Running off the leash

Since being made to re-apply for their job of running the register (the 'R' in their name) of gas installers - and losing it (to CRAPITA, who so far have managed not to f**k it up) - CORGI have obviously had to reappraise their business model: instead of pulling in a steady income of registration fees from a captive market of folks like me, they now have to actually go out and earn a living.

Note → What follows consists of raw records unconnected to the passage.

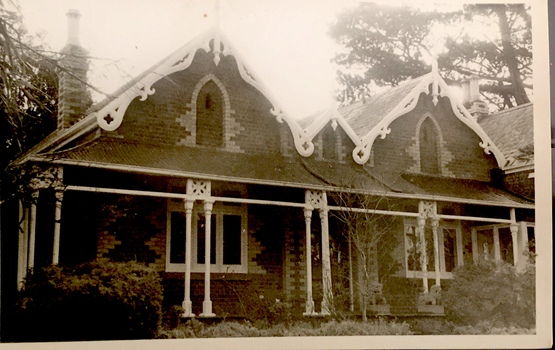  'Roseneath', Pakington Street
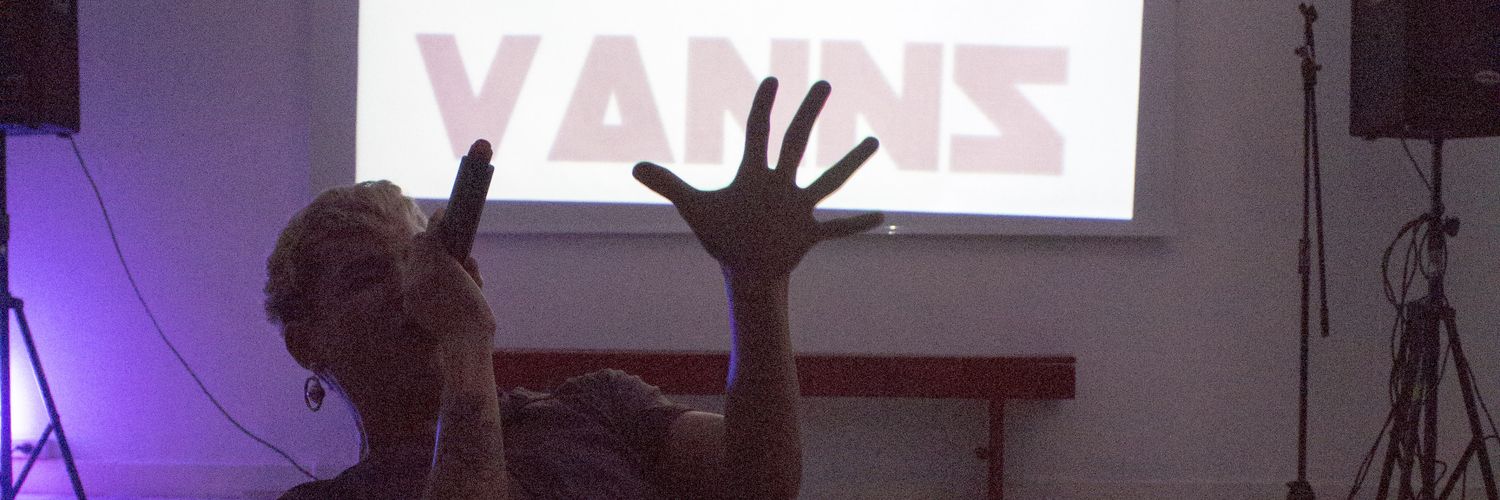 maxvanns's profile banner image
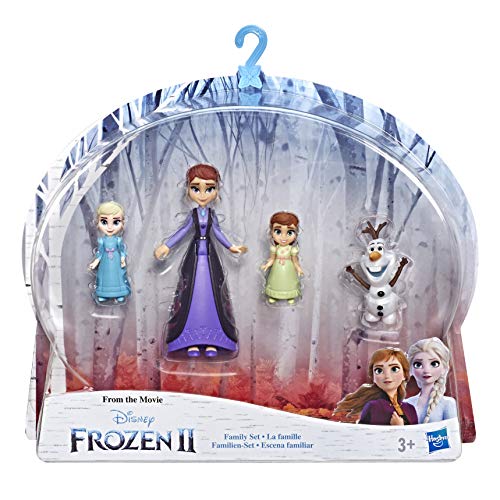 Hasbro Disney Frozen Kleine Puppen Familien-Set E6913ES0 von Disney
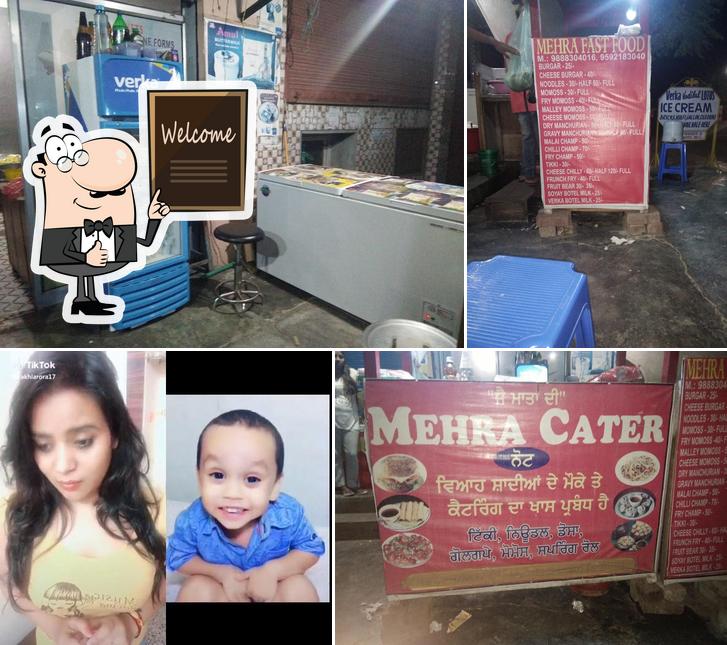 Mehra Fast Food Corner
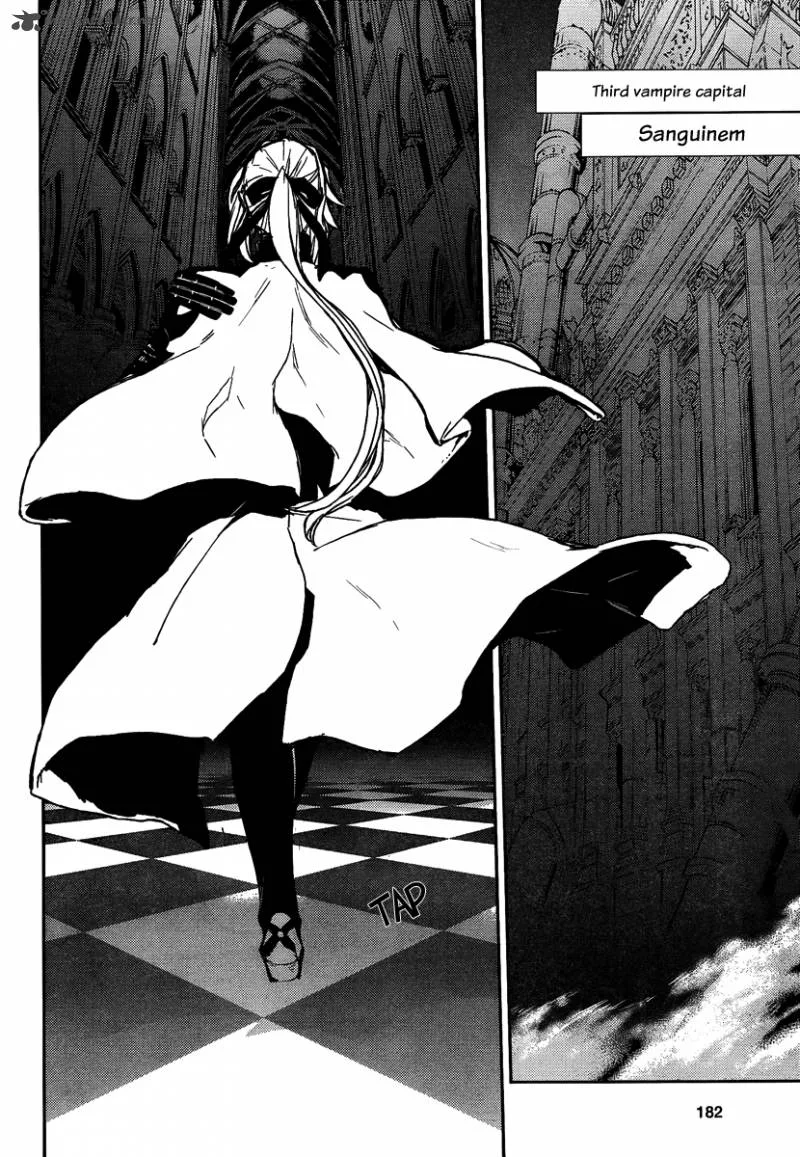 Owari no Seraph Chapter 3 page 44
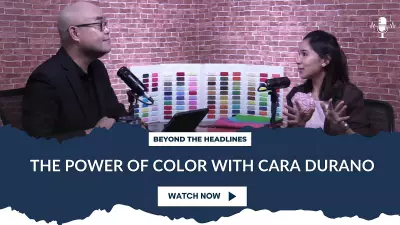 Beyond the Headlines: How Color Analysis Boosts Confidence and Personal Branding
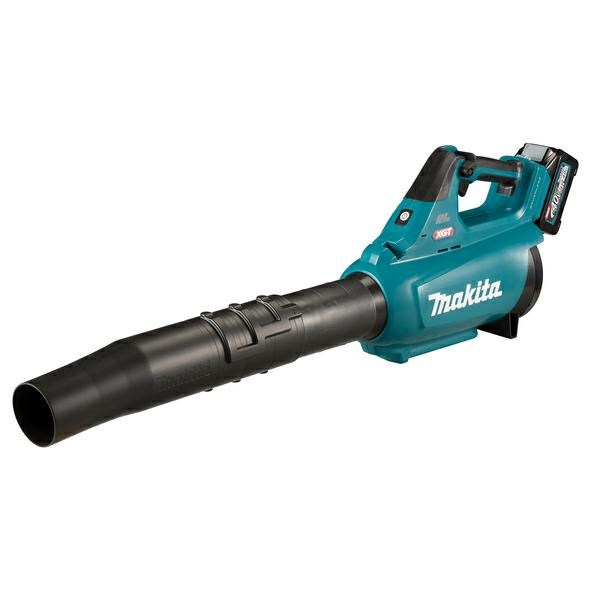 Makita UB001GM101 cordless leaf blower 191 km/h Black  Blue 36 V Lithium-Ion (Li-Ion)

Before they lost the registration job they were already selling van and liability insurance and running Competent Persons schemes in electrics as well as plumbing and ventilation, and sold sundries like Landlord's Gas Safety record pads. This is potentially good stuff: the folks at CORGI ought to have a better idea what their former members require in the way of, say, insurance than even the 'specialist' insurance companies who deal with a range of trades, and be able to arrange more appropriate cover at better prices. And sure enough they gave me the best deal on Professional Indemnity/Public Liability insurance when I had to renew it last year.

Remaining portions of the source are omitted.